Soon afterwards her father came in. He shuffled as though he didn’t want to be there and she didn’t blame him for that. She wanted to be back in Durham, or anywhere rather than here, rather than now. He coughed as he always did when he was worried, embarrassed or upset and she remembered how she had watched him struggling the previous day to appear as normal when he was not well. He appeared much older than he had looked the last time she had seen him. He had put on ten years.

‘Oh, Lucy,’ he said. ‘What have you done?’

‘Nothing. Nothing, really.’

She had to make him believe her. The tears ran freely down her face and somehow she was ashamed as though
it were her fault. She had gone over and over it. Was it her fault? Had she really gone out there because she wanted him, because she was jealous he was marrying her sister? It was true that he was rich and handsome and charming and all the things that a man should be when you were marrying him, and she had envied Gemma in some ways, but it had not in a long time been something she wanted for herself. It was not her road, not her fate.

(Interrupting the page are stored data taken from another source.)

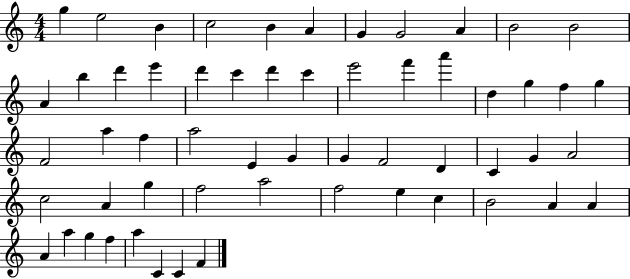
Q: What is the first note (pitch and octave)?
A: G5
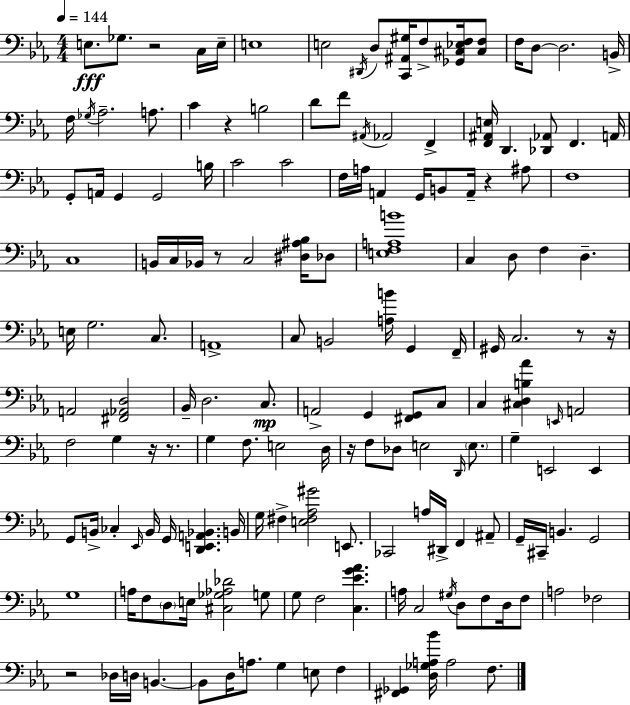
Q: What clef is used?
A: bass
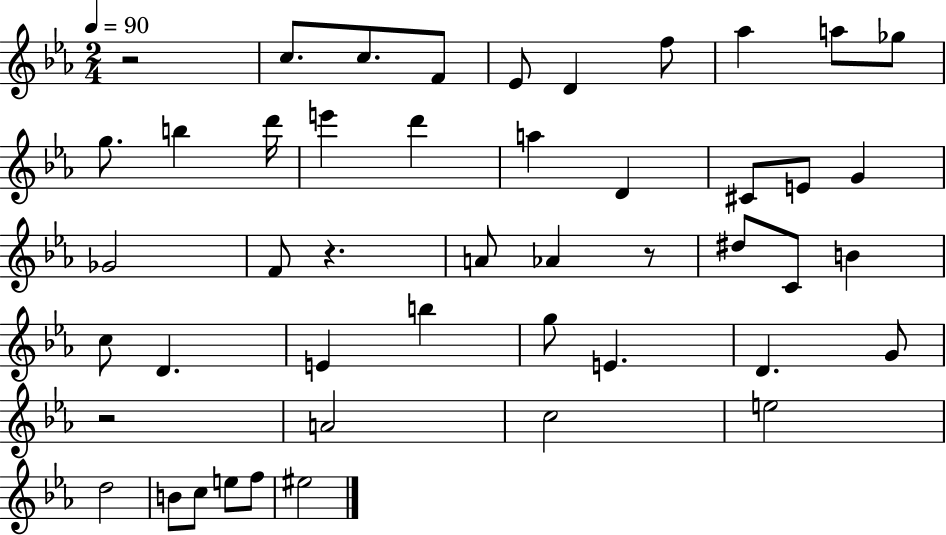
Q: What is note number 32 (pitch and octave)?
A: E4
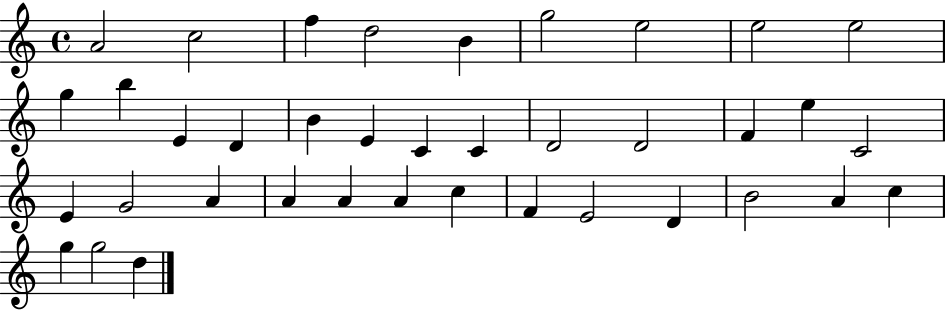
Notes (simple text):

A4/h C5/h F5/q D5/h B4/q G5/h E5/h E5/h E5/h G5/q B5/q E4/q D4/q B4/q E4/q C4/q C4/q D4/h D4/h F4/q E5/q C4/h E4/q G4/h A4/q A4/q A4/q A4/q C5/q F4/q E4/h D4/q B4/h A4/q C5/q G5/q G5/h D5/q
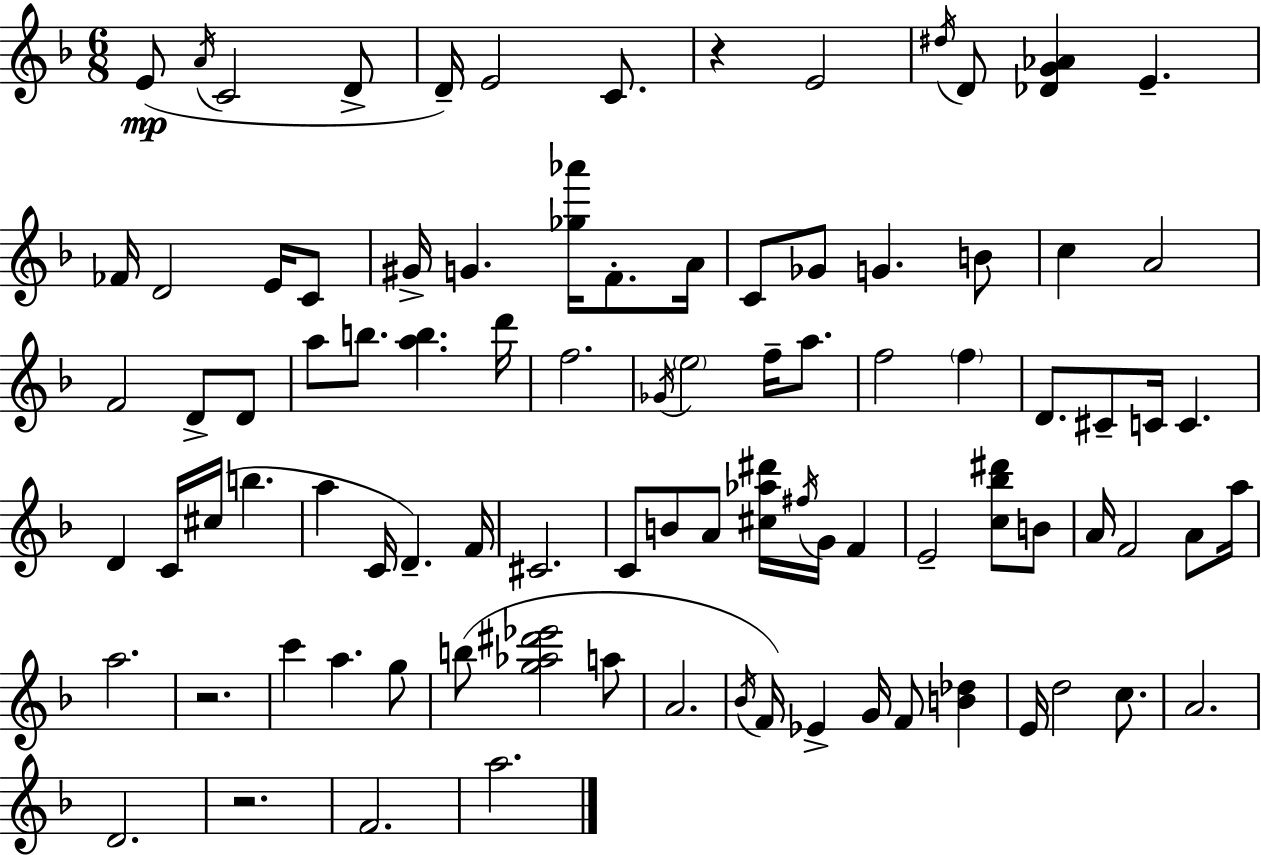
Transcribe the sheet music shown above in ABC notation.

X:1
T:Untitled
M:6/8
L:1/4
K:Dm
E/2 A/4 C2 D/2 D/4 E2 C/2 z E2 ^d/4 D/2 [_DG_A] E _F/4 D2 E/4 C/2 ^G/4 G [_g_a']/4 F/2 A/4 C/2 _G/2 G B/2 c A2 F2 D/2 D/2 a/2 b/2 [ab] d'/4 f2 _G/4 e2 f/4 a/2 f2 f D/2 ^C/2 C/4 C D C/4 ^c/4 b a C/4 D F/4 ^C2 C/2 B/2 A/2 [^c_a^d']/4 ^f/4 G/4 F E2 [c_b^d']/2 B/2 A/4 F2 A/2 a/4 a2 z2 c' a g/2 b/2 [g_a^d'_e']2 a/2 A2 _B/4 F/4 _E G/4 F/2 [B_d] E/4 d2 c/2 A2 D2 z2 F2 a2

What she wanted was to be there with her father in the office and for him to admire her and for them to go forward together – so that if he really was ill then she could help, she could aid all her family and they would be proud of her and all be together as they were meant to be. When she finished in Durham she would come back in triumph as a junior solicitor and her father would introduce her to his most valued clients with pride in his voice, saying, ‘And this my daughter, Lucy, who is to become a solicitor – and it will be Charlton and Charlton.’ She dreamed of it, in gold, on the windows of the office. She had dreamed of it for so long.